You can also expire all backups or for a specific client according to a global and a client specific retention policies, you can generate reports, list all currently active backups, etc. The current usage information for the tool looks like:

# backup -h

usage: backup {-c client_name} [-r rsync_destination] [-hvq]
backup [-lvF]
backup [-Lv]
backup {-R date} [-v]
backup {-E} [-v] [-n] [-c client_name]
backup {-e days} {-c client_name}
backup {-D backup_name} [-f]
backup {-A} {-c client_name} [-n] [-f] [-ff]

This script starts remote client backup using rsync.

-h Show this message
-r Rsync destination. If not specified then it will become Client_name/ALL/
-c Client name (FQDN)
-v Verbose
-q Quiet (no output)
-l list all clients in a backup
-v will also include all backups for each client
-vF will list only backups which are marked as FAILED
-e sets a retention policy for a client
if number of days is zero then client retention policy is set to global
if client_name is "global" then set a global retention policy
-L list all running backups
-v more verbose output
-vv even more verbose output
-R Show report for backups from a specified date ("today" "yesterday" are also allowed)
-v list failed backups
-vv list failed and successful backups
-E expire (delete) backups according to a retention policy
-c client_name expires backup only for specified client
-v more verbose output
-n simulate only - do not delete anything
-D deletes specified backup
-f forces deletion of a backup - this is required to delete a backup if
there are no more successful backups for the client
-A archive specified client - only one backup is allowed in order to achive client
-c client_name - valid client name, this option is mandatory
-n simulate only - do not archive anything
-f deletes all backup for a client except most recent one and archives client
-ff archives a client along with all backups
-I Initializes file systems within a pool (currently: archive-1)

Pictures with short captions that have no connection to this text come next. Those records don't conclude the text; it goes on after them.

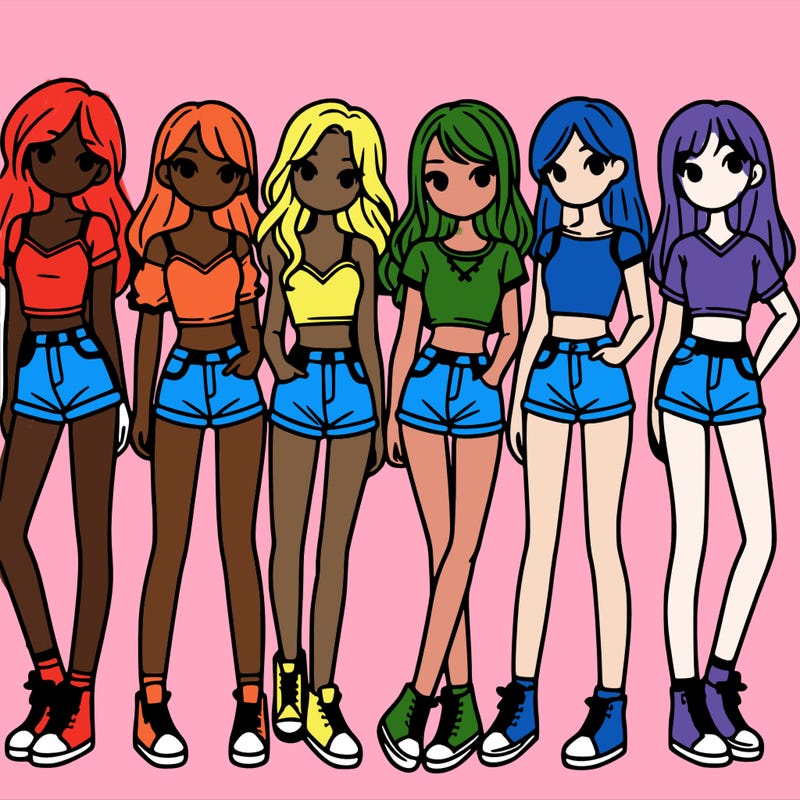 a group of girls wearing crop tops and shorts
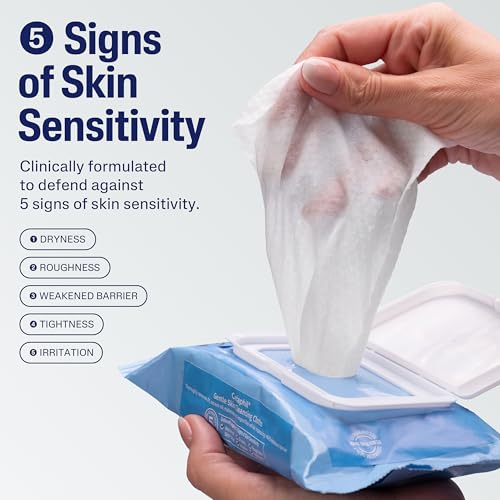 Cetaphil Gentle Skin Cleansing Face & Body Wipes - 10 Count Pack of 12, Fragrance-Free & Sensitive Skin Friendly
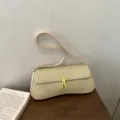 Woven texture baguette shoulder bag, pink trim with vintage gold lock stylish women handbag. - Khaki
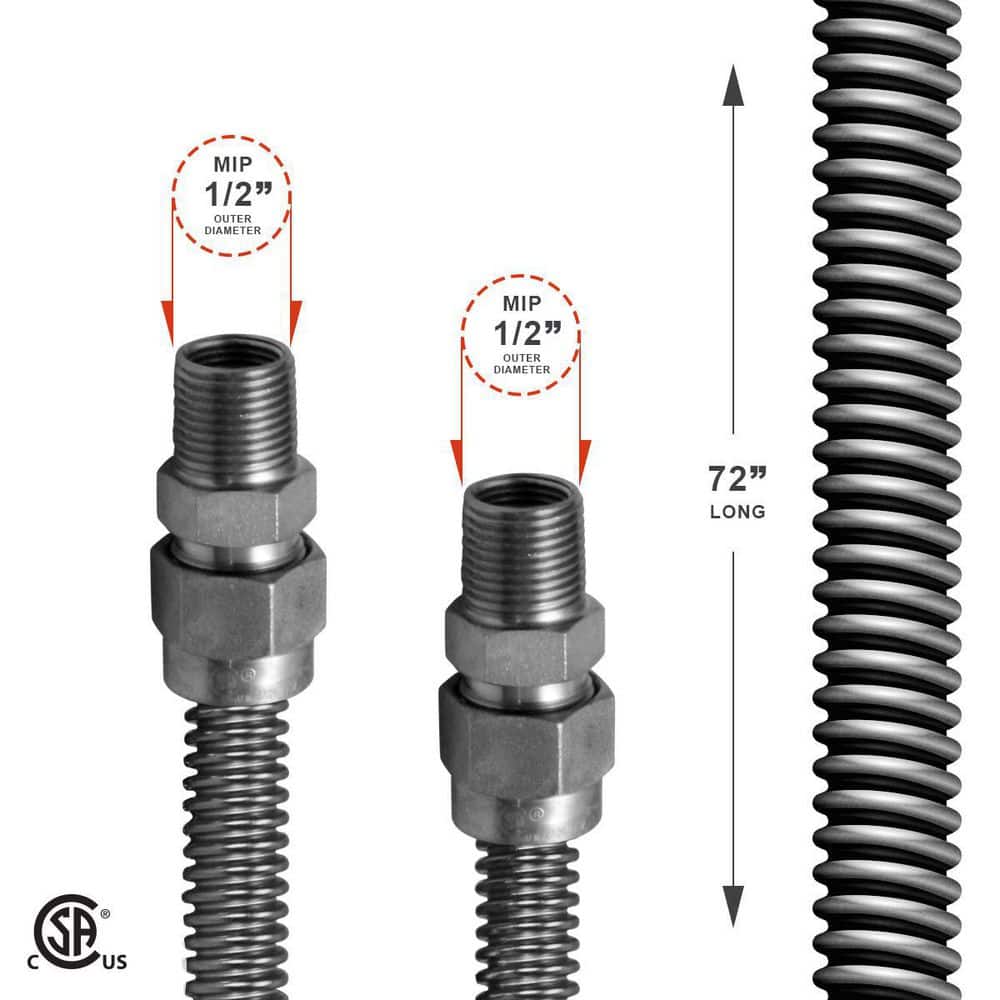 PLUMBFLEX 5/8 in. OD x 1/2 in. ID x 6 ft. Gas Connector Stainless Steel for Gas Range, Furnace, Stove, 1/2 in. MIP x MIP Fittings (2)
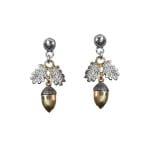 Photo of a pair of silver and gold earrings in the shape of acorns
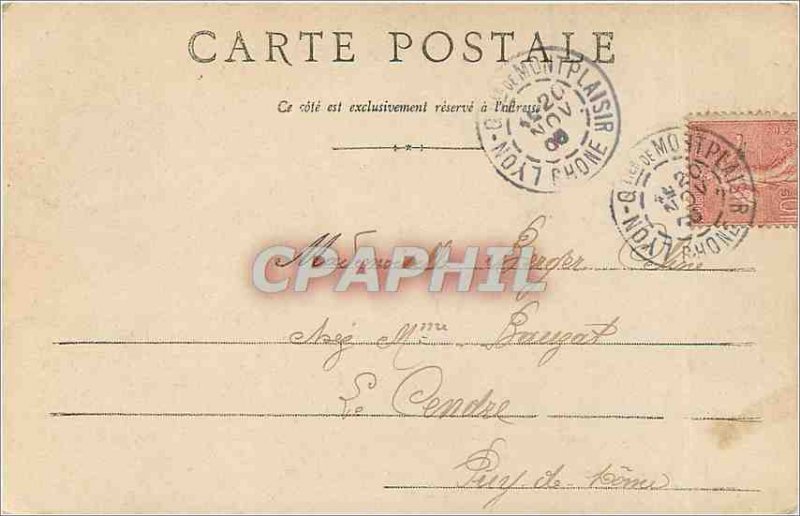 Old Postcard Lyon Place Bellecour (1900 card)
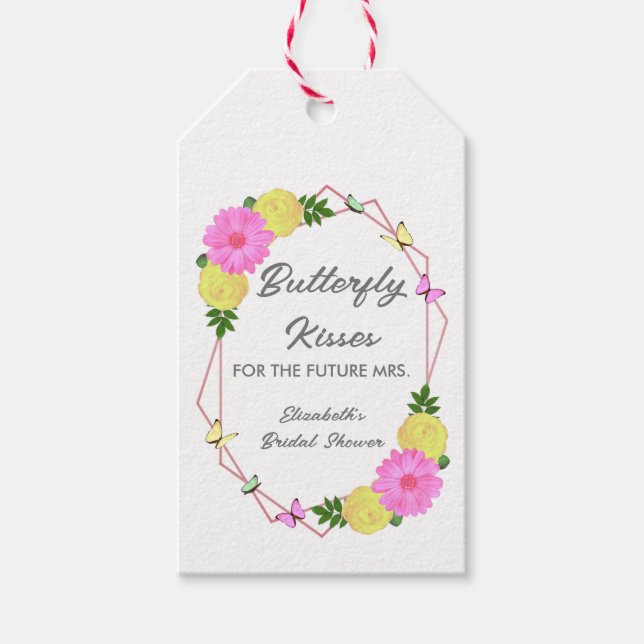 Butterfly Kisses for the Future Mrs. Brautparty Geschenkanhänger (Vorderseite)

In order to immediatelly start a backup for a given client:

backup -c XXX.yyy.zz
backup -r XXX.yyy.zz/ALL/ -c XXX.yyy.zz

Above two commands are doing exactly the same - the first version is preffered.
The 2nd version is useful when doing backups over ssh tunnel or via a dedicated backup interface
when it is required to connect to different address that a client name. For example, in order
to start a backup for a client XXX.yyy.zz t via ssh tunnel at localhost:5001 issue:

backup -r localhost:5001/ALL/ -c XXX.yyy.zz


backup -E - expire backups according to retention policy
backup -e 30 -c global - sets global retention policy to 30 days
backup -l - list all clients in backup including their retention policy


Kim Nørgaard said...

This looks very interesting.

Is the source code something you would like to share with the community so that others can benefit from it?

milek said...

Yes, I would like to do it but I need first get a green light from my employer.

Anonymous said...

It's been awhile, so I'm assuming your employer doesn't want you to release the code? :\

milek said...

Unfortunately I change employers in the mean time... I will check with them if it would be possible to open source it.

Chris Nagele said...

I would love to use this as well. Please keep us posted if you get permission to open source it.